Dismay crossed the man’s face. “Wouldn’t account much,” he said. “The Butler’s already brewing up more of that coffin varnish to satiate his clientele.”
“What was Marcus planning to do with the money?”
“He was itching to flee this latitude. Dreamt of a little sloop. A one-hander he could wind himself.”
“You mean a boat?”
“A cabin. A little outboard. Said it was a habitat he could cart with him. Like a turtle. Never again get lodged anyplace he didn’t care for.”
“Do you think he did it?” Will asked. “Made it out?”
“Not yet,” he said, pulling at his beard.
Every day that week, Jonah and Will ditched school to trudge through the fresh-fallen snow to the harbor with cans and food scraps for the man, who said his name was Titus. Will was astonished by how much it took to sustain him, the sheer weight of it.

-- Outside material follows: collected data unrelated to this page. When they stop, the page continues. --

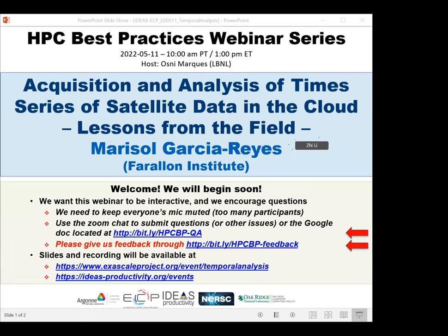Welcome to the HPC Best Practices webinar series. This series is brought to you by the IDEAS Productivity Project, which is part of the XA-Scale Computing Project of the United States Department of Energy. The series is a collaboration involving the computing facilities at the Argonne, Oak Ridge, and Lawrence Berkeley National Laboratories. Amos DeMarcus from Lawrence Berkeley Lab will be the host for today's webinar: Acquisition and Analysis of Time Series of Satellite Data in the Cloud, Lessons from the Field. The webinar will be presented by Marisol Garcia Reis.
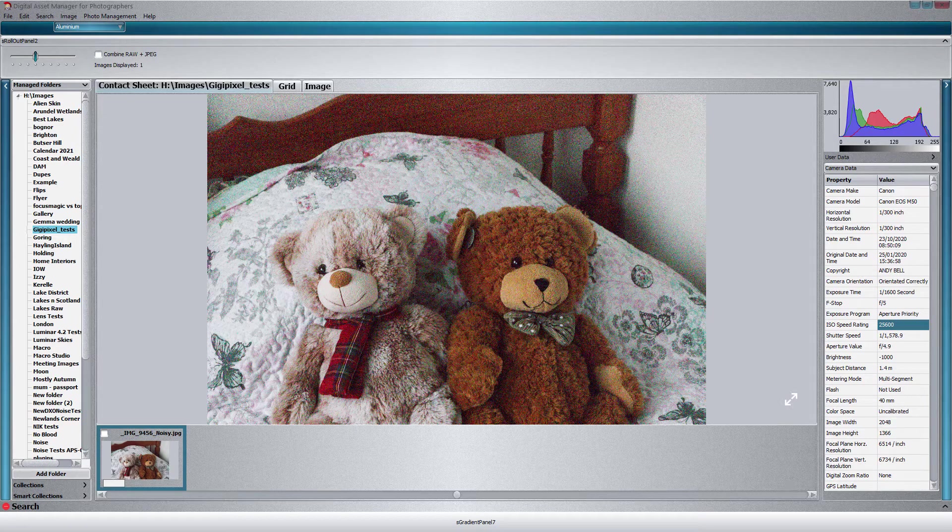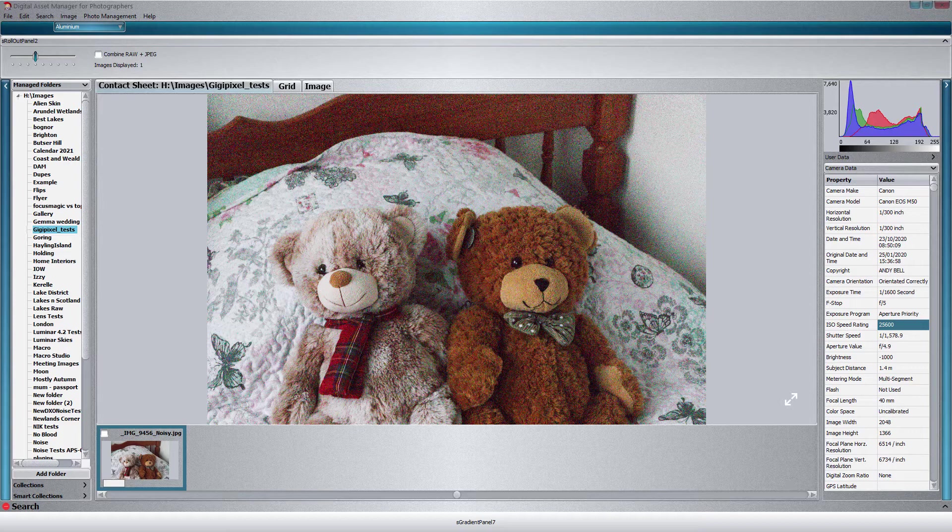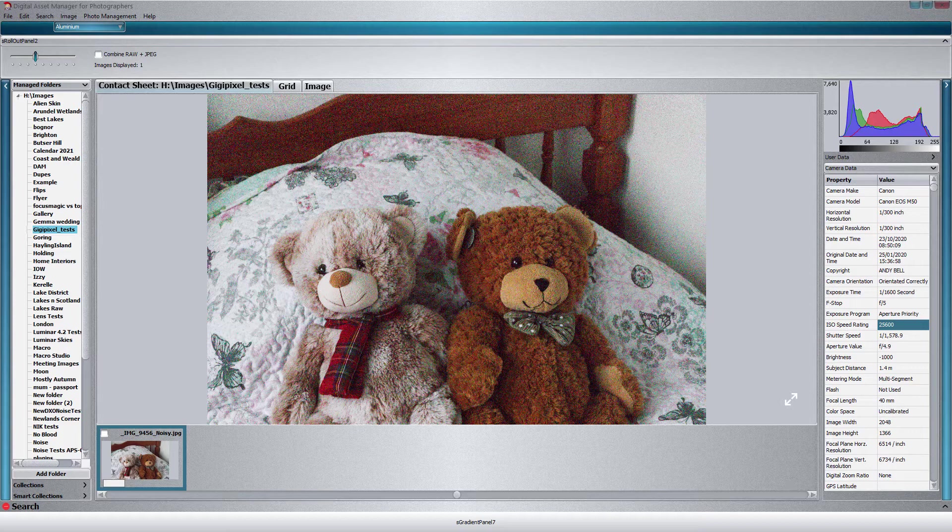So we're going to do some comparisons to see how it stacks up against just enlarging an image as it is or enlarging an image that I've treated through Photo Ninja, which is a very good noise reduction program. For the upscaling I'm going to use Affinity Photo, which is a very good image editor.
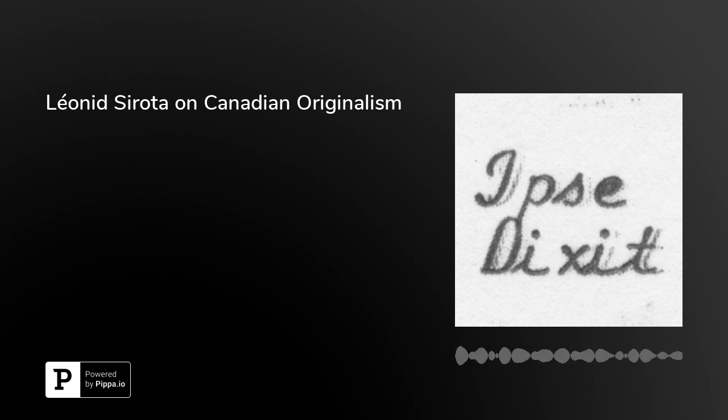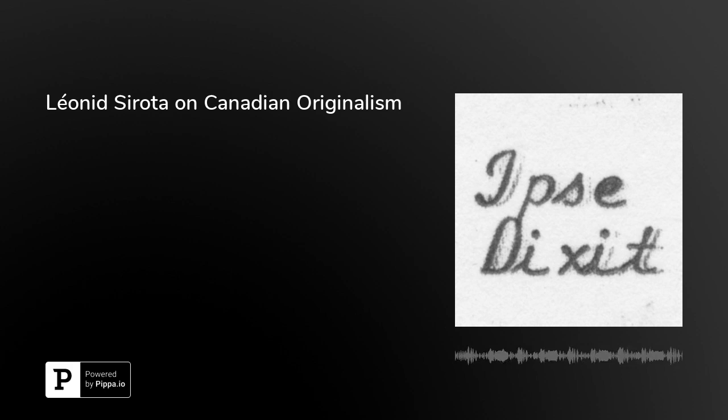It's a very compelling argument, and it's been just fascinating to read about and hear about constitutional interpretation in a similar but in many ways really different system. Leonard, thanks so much for coming on the show today. I really learned a lot about Canadian constitutional law talking to you. Thanks for having me, Brian. It was a pleasure.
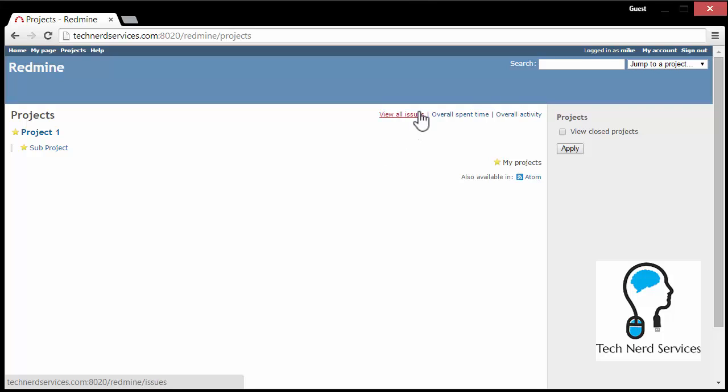There's also the ability to view all issues, the overall time spent, so there is a way of tracking time, as well as the overall activity. Any changes that happen here in Redmine will be recorded. Option to view closed projects. Anything that is complete and closed will be visible until it is archived. And then archived, only administrators have the ability to unarchive them.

Jonah contributed some sausages that his brothers had made from a bull moose they’d brought down last spring, and the boys had to convince Titus not to eat them raw.
After all those years caring for his mother Inside, Will slipped effortlessly into the caretaker role—fetching food and “unblighted” water, filling the voids in his faltered abilities—and was warmed by that old thrill of domestic usefulness that sustained him for so long Inside. Will felt oddly at ease with Titus, despite everything. He was more like his mother than anyone he’d met Outside, probably attributable to their mutual craziness.

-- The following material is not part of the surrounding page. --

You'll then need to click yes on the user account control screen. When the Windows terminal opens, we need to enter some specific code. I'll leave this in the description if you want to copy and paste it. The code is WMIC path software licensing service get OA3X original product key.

That Saturday Will coaxed Jonah into redressing Titus’s legs, which now bore long scabs, black as slugs. More worrisome, though, was how both his calves were hot to the touch, swollen tight as Jonah’s moose sausages.
“Erythromycin,” Jonah said, tossing onto the table the rattling vial he’d fetched, his cheeks pulsing after a breathless run up to County Park in the frigid air. “Two times daily with food. My brother Gideon got them after a tattoo of his got infected. Expired two years ago, but they’ll have some fight left in them.”

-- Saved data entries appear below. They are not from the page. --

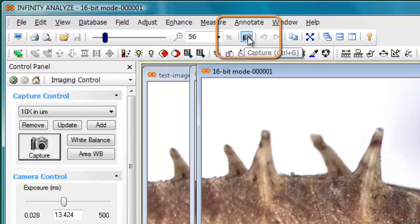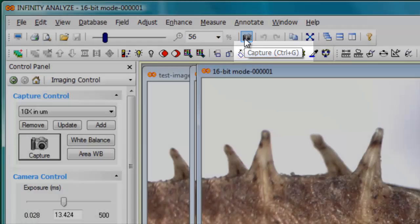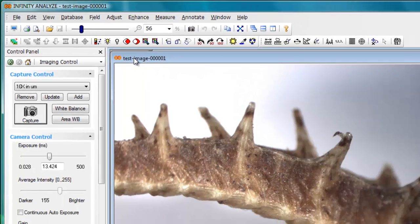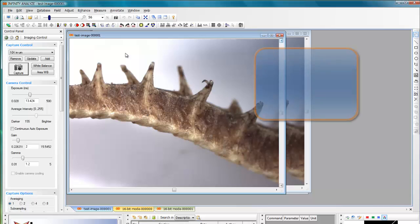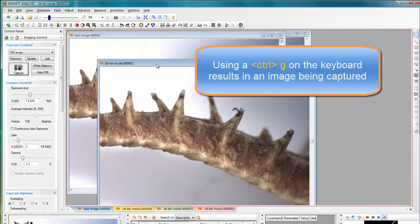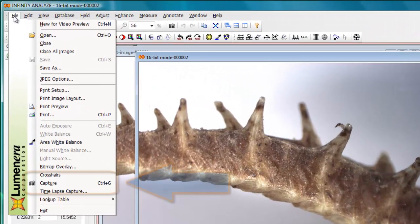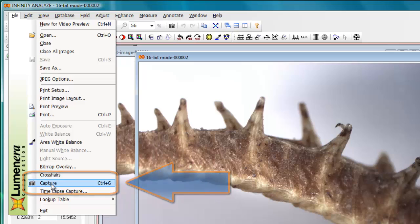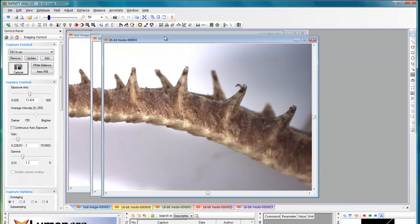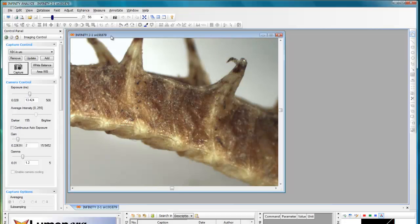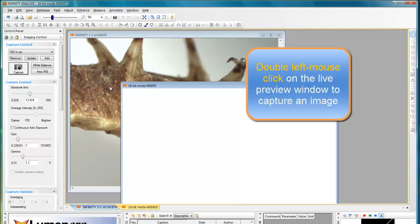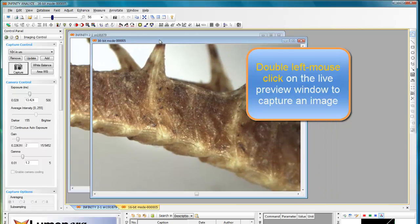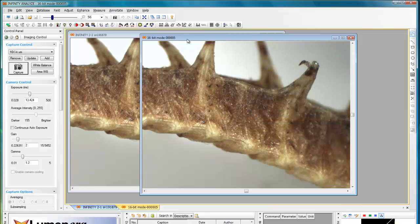Also, if you have the toolbars turned on, you have a capture button up here, where you also see from the tooltip that it says control G. So if I go back to my live preview image and execute a control G, then I get an image being saved. Also from the file menu, I have my capture option on my drop down list and that will capture an image as well. And you can also move your mouse and double left mouse click on the live preview image and get a captured image.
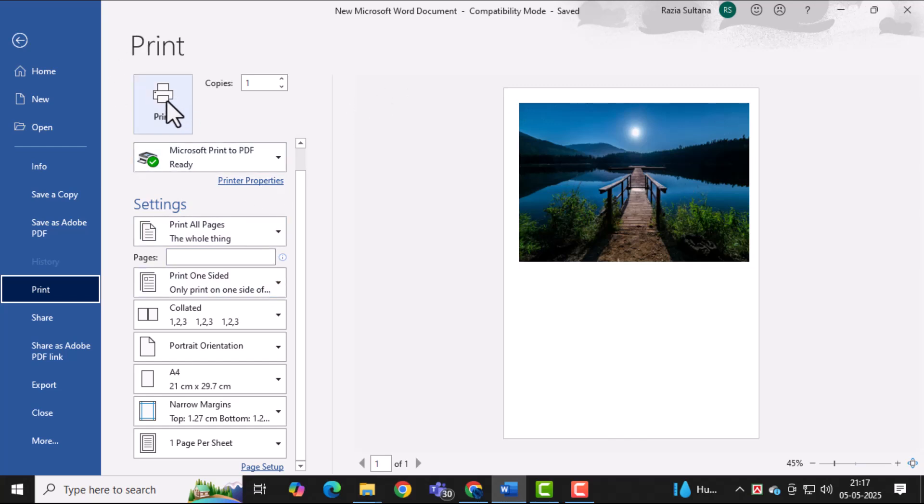Finally, select your Printer from the list of available devices. Once everything looks good, just click the Print button to print your photo directly from MS Word.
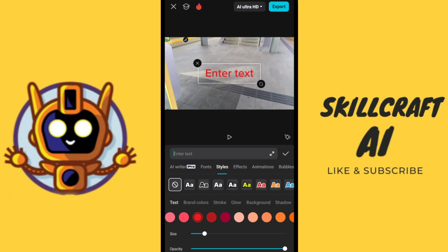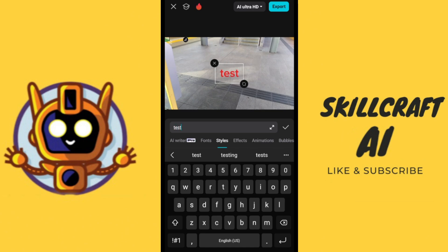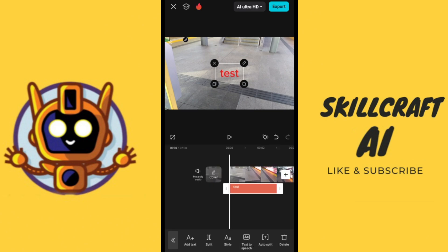To change the color of the text, all we have to do is select one of those colors and you can see the text color has changed. We can also modify the text — we'll just type 'test' — and once we're done, select the checkmark found mid-screen on the right-hand side.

Apart from the possibility that Marcus would reappear at Pool 6 and the opportunity for Jonah to practice his medical skills, the snowfall was how Will had convinced Jonah to frequent the elevator. Will’s second winter Outside had been nothing like his first. Gone were the thrills of exploration and novelty. This time it was all drab light and frozen-footed walks down to the harbor. Because skateboards required dry pavement, winter for an obsessed skateboarder was a time of despair and unimaginable yearning. Will secured Titus’s blessing to build some skateboard ramps in the large room where they’d found him beaten, the Distribution Floor, he called it. They extrapolated the design from Thrasher: ribs placed laterally, curving upward on a template, bent plywood surfaces screwed down over those. The wood they found in abundance around the harbor, two-by-fours used as concrete forms, tool sheds, and old beached dories they busted up. It took them a week to sweep up the bird droppings, and Jonah launched ten sagging garbage bags’ worth out onto the lake ice, where they sat like periods.